Exercise 14
Linear Regression
Linear regression is an approach whereby we can model the relationship between one dependent variable \(Y\) and \(m\) independent variables \(X_{j}\) where \(j=1:m\). When \(j=1\) this is called simple linear regression. When \(j>1\) this is called multiple regression.
The independent variables \(X_{j}\) are sometimes called predictor variables. In the general linear modeling approach often used in fMRI analysis, for example, the predictor variables \(X_{j}\) might be a collection of different things, some of which are predictor variables (e.g. that code different aspects of the task that the subject is performing in the scanner), and some of which are so-called "nuisance variables" (like physiological noise, head motion parameters, etc).
Linear regression is called linear because the underlying model relating \(Y\) to \(X_{j}\) is linear:
\begin{equation} Y = \beta_{0} + \beta_{1}X_{1} + \beta_{2}X_{2} + ... + \beta_{3}X_{3} + \epsilon \end{equation}The \(\beta_{j}\) terms represent weights on each predictor variable. The \(\epsilon\) term represents random "noise" or variance that is not predicted by the model. It is typically assumed that \(\epsilon\) is normally distributed.

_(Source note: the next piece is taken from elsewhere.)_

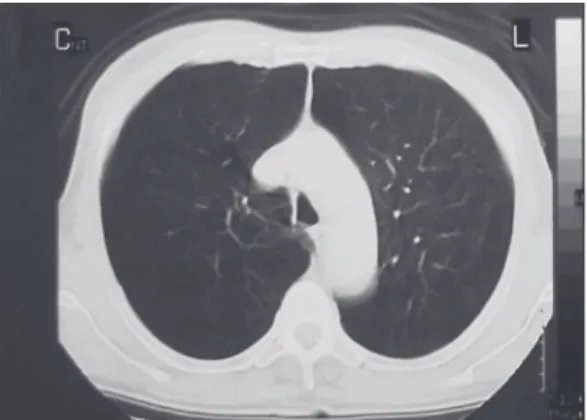 Figure  1  -  Tomographic  view  (patient  2)  showing  lung hyperinflation and severe diffuse emphysema.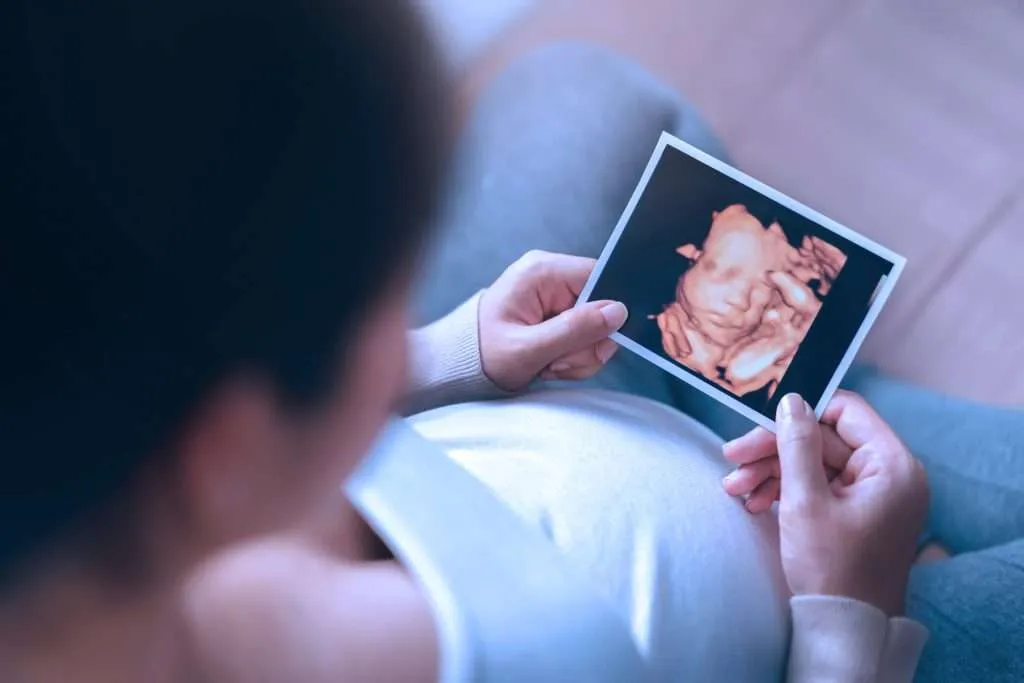 Pregnant woman holding an ultrasound image illustrating pregnancy diet and baby brain development.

We also typically have many individual samples of the dependent variable \(Y\) and associated values for the dependent variables \(X\). If we have \(n\) cases, we can rewrite the equation with a subscript \(i\) denoting each sample, where \(i\) varies from \(1\) through \(n\):
\begin{equation} Y_{i} = \beta_{0} + \beta_{1}X_{i1} + \beta_{2}X_{i2} + ... + \beta_{3}X_{i3} + \epsilon_{i} \end{equation}We can rewrite this as a matrix equation:
\begin{equation} Y = X \beta + \epsilon \end{equation}Now \(Y\) is a matrix with \(n\) rows and \(1\) column, and \(X\) is a matrix with \(n\) rows and \(m+1\) columns. There is a trick here, which is that the first column of the \(X\) matrix is a column filled with \(1\). This is how we incorporate the \(\beta_{0}\) constant, that doesn't multiply an \(X_{j}\) independent variable. Essentially we are saying it is multiplied by \(1\). Finally, \(\beta\) will be a matrix with \(m+1\) rows and \(1\) column — in other words, a constant \(\beta_{0}\) and then one \(\beta_{j}\) for each independent variable \(X_{j}\). The values of \(\beta\) are the weights on the independent variables \(X\) that best predict the dependent variable \(Y\). The matrix multiplication is legal: \((n~1) = (n~[m+1])([m+1]~1)\)
Yay linear algebra
An estimate of the weights \(\hat{\beta_{j}}\) can be found using ordinary least squares estimation using the following matrix equation (take my word for it, for now, or you can find proofs on the internet):
\begin{equation} \hat{\beta} = \left( X^{\top}X \right)^{-1} X^{\top} Y \end{equation}where \(X^{\top}\) denotes matrix transpose, \(X^{-1}\) denotes matrix inverse, and \(XY\) denotes matrix multiplication. If your matrix algebra is shaky, find a classmate who is on more solid ground (or come and talk to me).
Briefly, in ordinary least squares, the values of \(\hat{\beta}\) are found that minimize the sum of squared differences between the actual dependent variable \(Y\) and the predicted values \(\hat{Y}\) given the linear model.
with some data
Here are some example data:
Income ($) | Age (years) | Education (years) |
---|---|---|
50000 | 35 | 4 |
35000 | 40 | 2 |
80000 | 45 | 6 |
25000 | 25 | 0 |
90000 | 70 | 4 |
75000 | 55 | 6 |
65000 | 50 | 4 |
95000 | 60 | 6 |
70000 | 45 | 8 |
110000 | 50 | 8 |
Your task is to estimate a linear model that relates Age and Eduction to Income. So your dependent variable \(Y\) is Income and your two dependent variables \(X_{1}\) and \(X_{2}\) are Age and Education.
more hints
Our \(X\) matrix will be \(10\) rows and \(3\) columns. The first column will be filled with \(1\). The second column will be the Age data and the third column will be the Education data. Our \(Y\) matrix will be \(10\) rows and \(1\) column and will contain the Income data. Our task now is to estimate the weights \(\beta\) that when multiplied by \(X\) will best predict \(Y\). The \(\beta\) matrix will be \(3\) rows and \(1\) column.
Note that there are built-in functions to estimate linear models, but I don't want you to use them here. I want you to program this from scratch.
Your two tasks are:
- estimate weights \(\beta_{0}\), \(\beta_{1}\) and \(\beta_{2}\), and
- generate predicted values of Income
linear algebra refresher
The Khan Academy has a series of matrix tutorials that might be useful if you need a refresher.